M. Joël Labbé attire l’attention de M. le ministre de l’intérieur quant aux dysfonctionnements et au manque de transparence du marché funéraire.
Une enquête publiée fin octobre 2019 par l’association de défense des consommateurs UFC-Que choisir fait état d’une importante hausse des prix des frais d’obsèques entre 2014 et 2019 (+ 14 % pour l’inhumation et + 10 % pour la crémation, dont les prix moyens s’établissent désormais respectivement à 3 815 € – hors caveau et concession – et 3986 €). Cette moyenne masque d’importantes disparités tarifaires et souligne ainsi la nécessité, pour les consommateurs, de comparer les offres des différents professionnels du marché funéraire. Or, cette enquête met également en exergue les entraves à cette comparaison, du fait, notamment, du non-respect de la réglementation actuelle. En effet, sur le département du Morbihan, 26 % des demandes de devis émises par les enquêteurs de l’UFC-Que choisir du Morbihan sont restées sans réponse. Les professionnels ont pourtant l’obligation de délivrer gratuitement ce devis depuis un arrêté du 11 janvier 1999. De plus, lorsque ces devis furent remis, 65 % d’entre eux n’étaient pas conformes aux modalités du devis-type obligatoire définies par l’arrêté du 23 août 2010 portant définition du modèle de devis applicable aux prestations fournies par les opérateurs funéraires.

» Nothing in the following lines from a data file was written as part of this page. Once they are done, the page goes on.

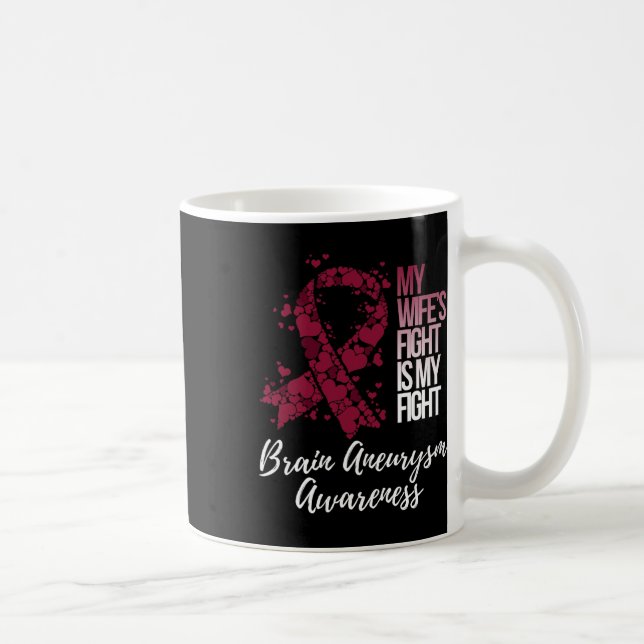 Min fru kämpar mot min kamp Brain Aneurysm Awarene Kaffemugg (Höger)
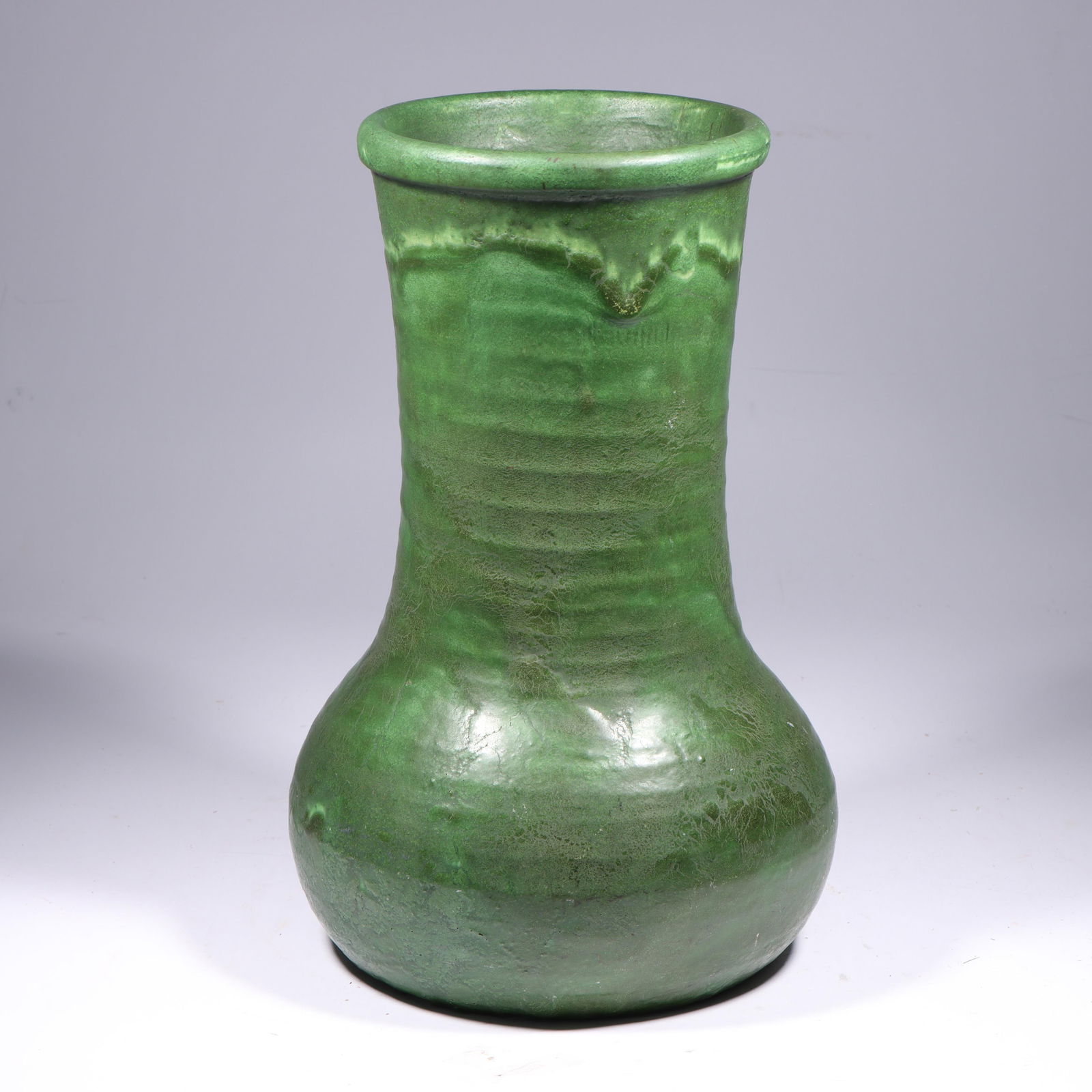 Grueby Faience Co. Boston, MA; 13.5 inch American Arts & Crafts pottery ridged vase with matte green: Grueby Faience Co. Boston, MA; 13.5 inch American Arts & Crafts pottery ridged vase with matte green glaze 13 1/2"H x 8 1/2"W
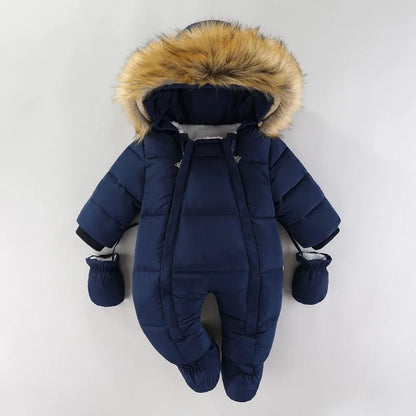 Winter Baby Girl Romper Hooded Jumpsuit Gloves 0-18M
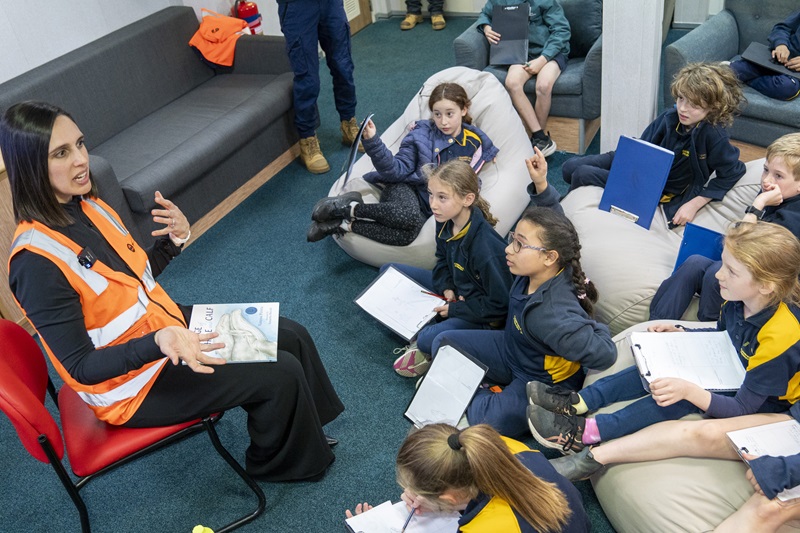 Dr Vanessa Pirotta speaks to year 3 students about whales on board the RV Investigator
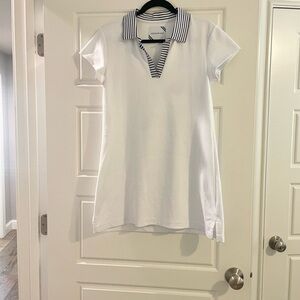 Addison Bay White Mini Dress with Black Striped Collar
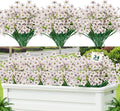 Lnoicy 24 Pcs Artificial Flowers for Outdoor,Plastic Flowers Decoration, UV Resistant Faux Flowers Shrubs, Artificial Plants for Indoor Outside Garden Home Wedding Farmhouse(White)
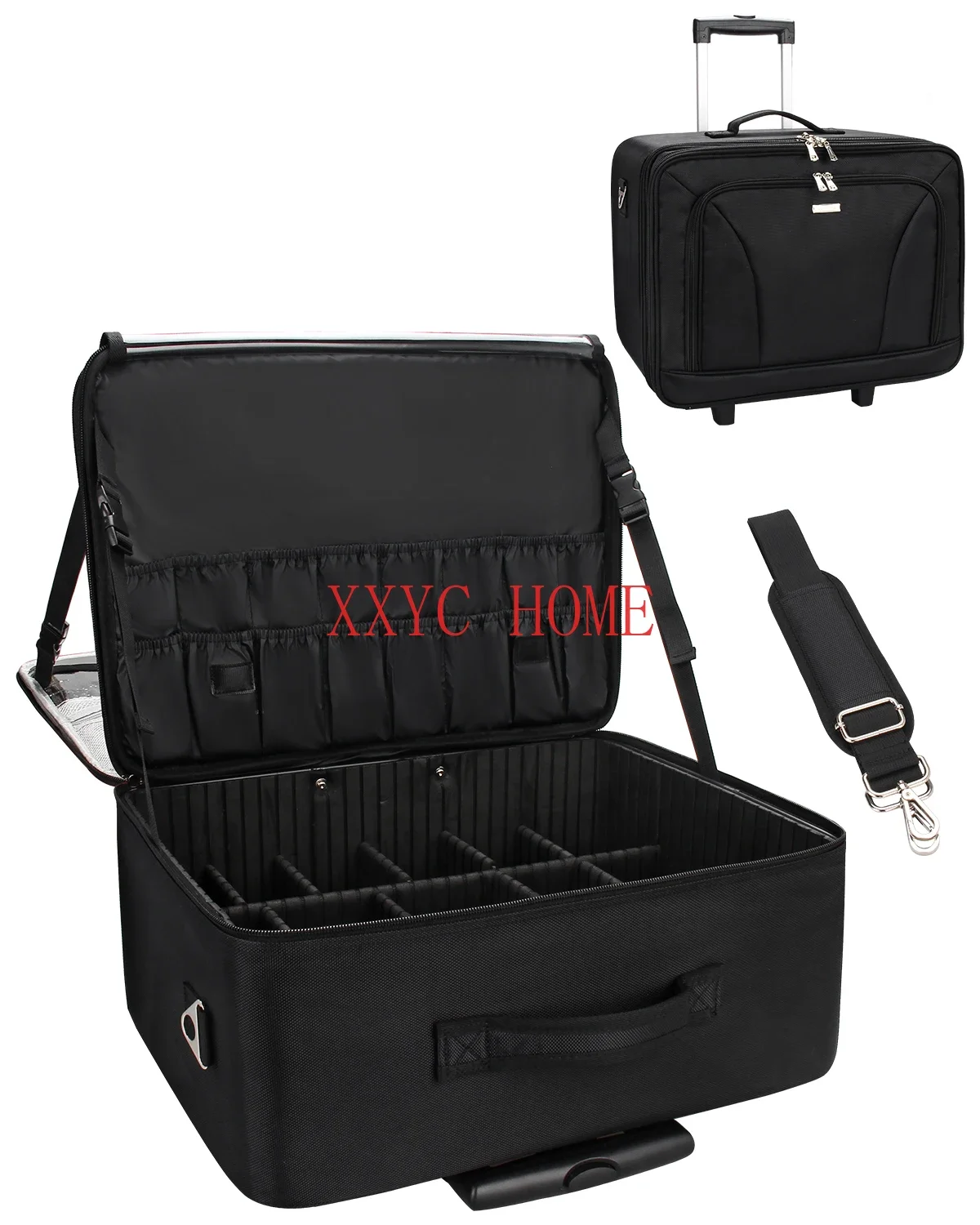 

Relavel Extra Large Trolley Case With 4 Clear Pouch Portable Rolling Makeup Train Case Cosmetic Travel Organizer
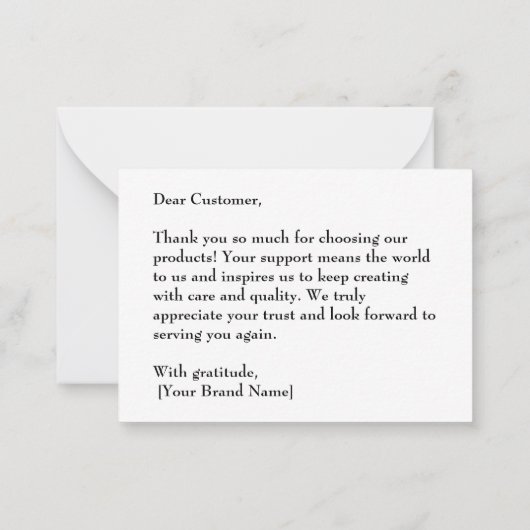 Whimsical Thank You Card  ノートカード (裏面)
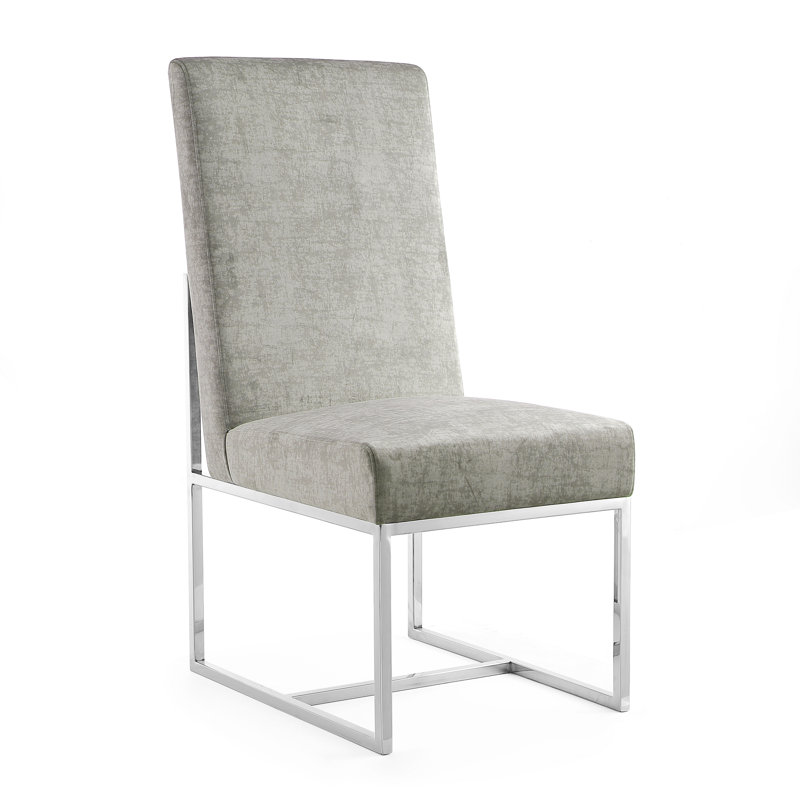 Dalpat Velvet Side Chair, 1, Steel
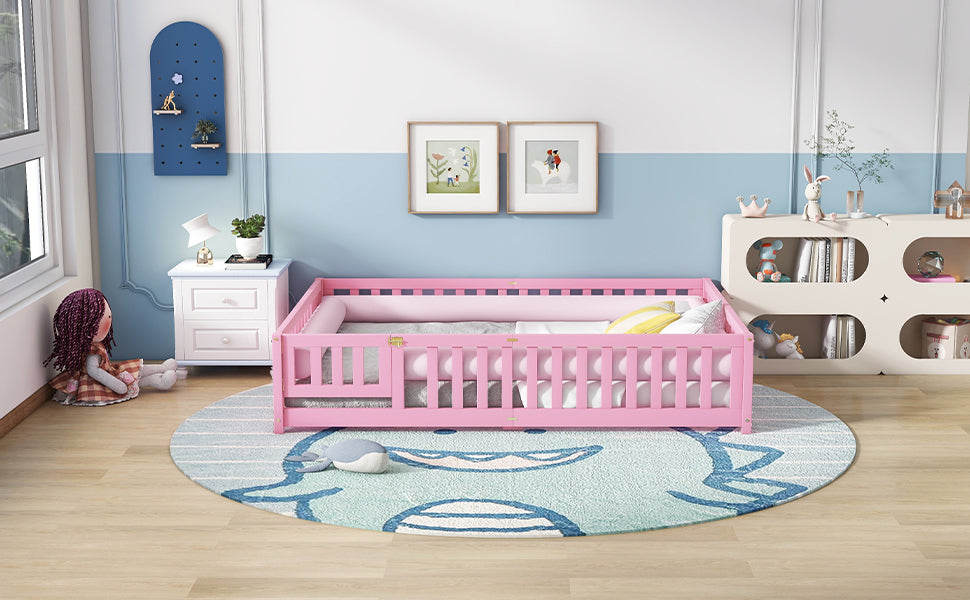 Queen Size Bed Floor Bed with Safety Guardrails and Door for Kids, Pink (Expect Arrival Date Nov.2nd)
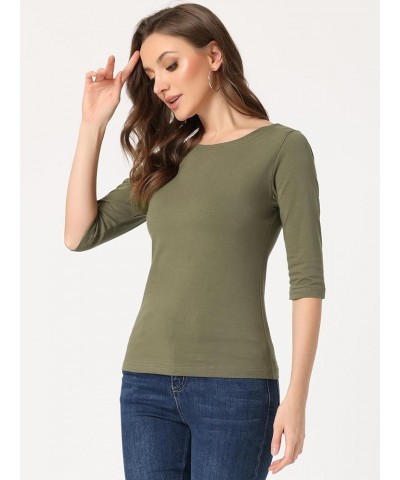 Women Elbow Sleeves Round Neck Slim Fit Tee Olive Green $11.50 Tees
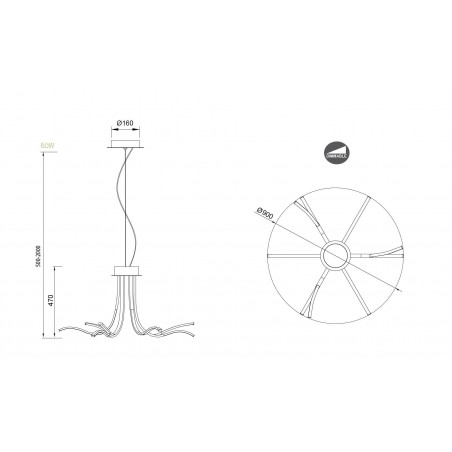Lámpara techo Corinto LED 60W convertible en plafón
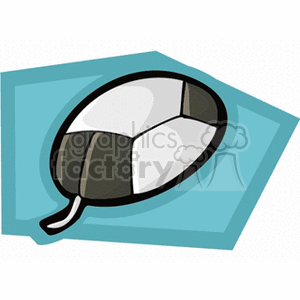 Clipart of a computer mouse in the shape of a soccer ball against a blue background.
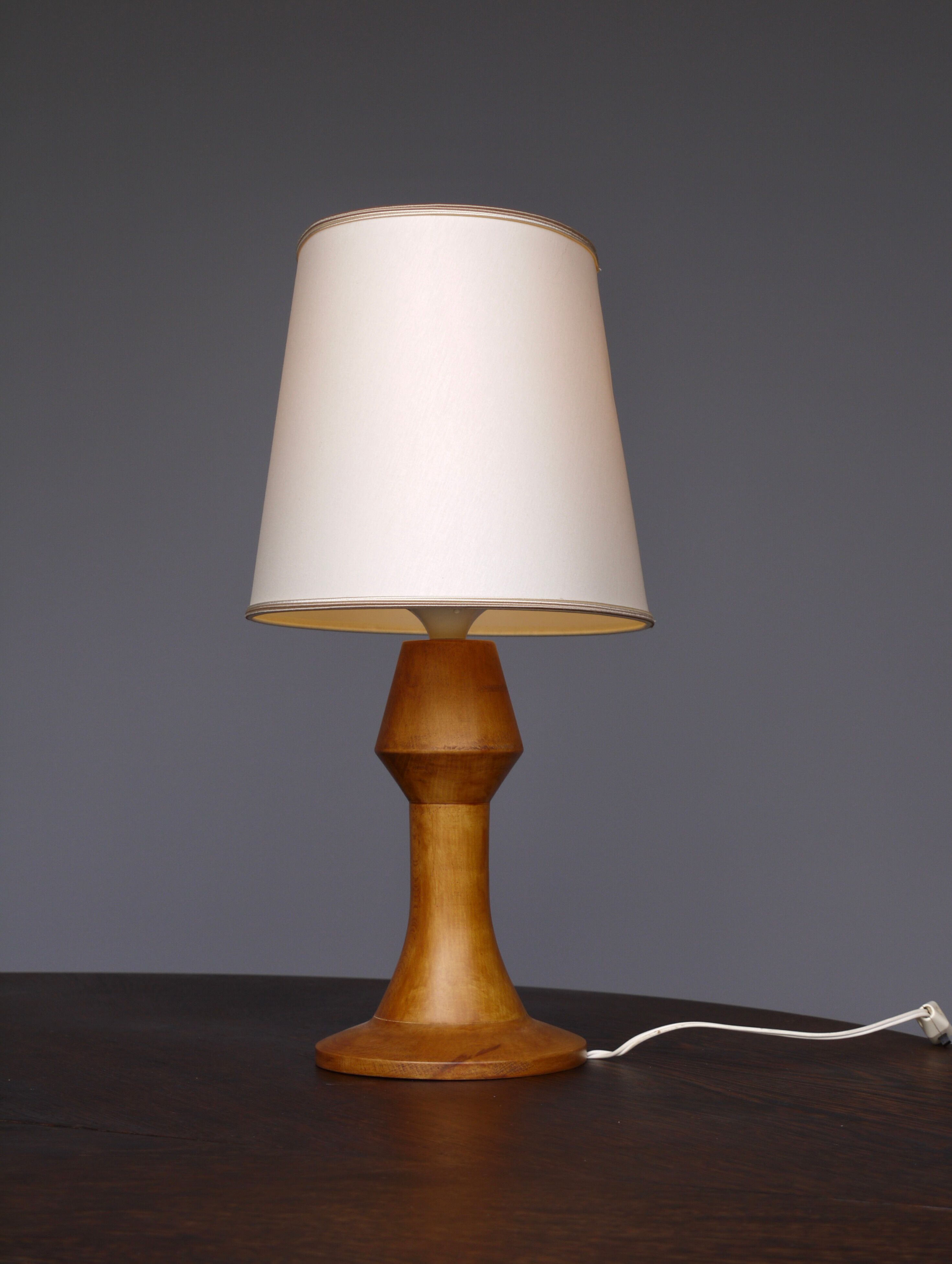 Sculptural Anthroposophical Wooden Table Lamp. 1970s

Ces difficultés de comparaison sont, du reste, accrues par le fait que le devis-type prévoit la distinction entre prestations courantes et prestations optionnelles, et non entre prestations obligatoires et optionnelles. Ainsi, une refonte du devis-type apparaît nécessaire. Celle-ci pourrait s’accompagner d’une harmonisation des prestations et des gammes proposées au sein des pompes funèbres. En outre, le non-respect, par les professionnels des pompes funèbres, de la réglementation en vigueur pourrait faire l’objet de sanctions pécuniaires plus élevées, et être pris en compte par les préfectures lors de l’examen du renouvellement de leur habilitation. Il l’interroge sur les dispositions envisagées pour pallier ce manque de transparence et lui demande de préciser les mesures prévues par le Gouvernement afin de protéger les consommateurs sur le marché funéraire.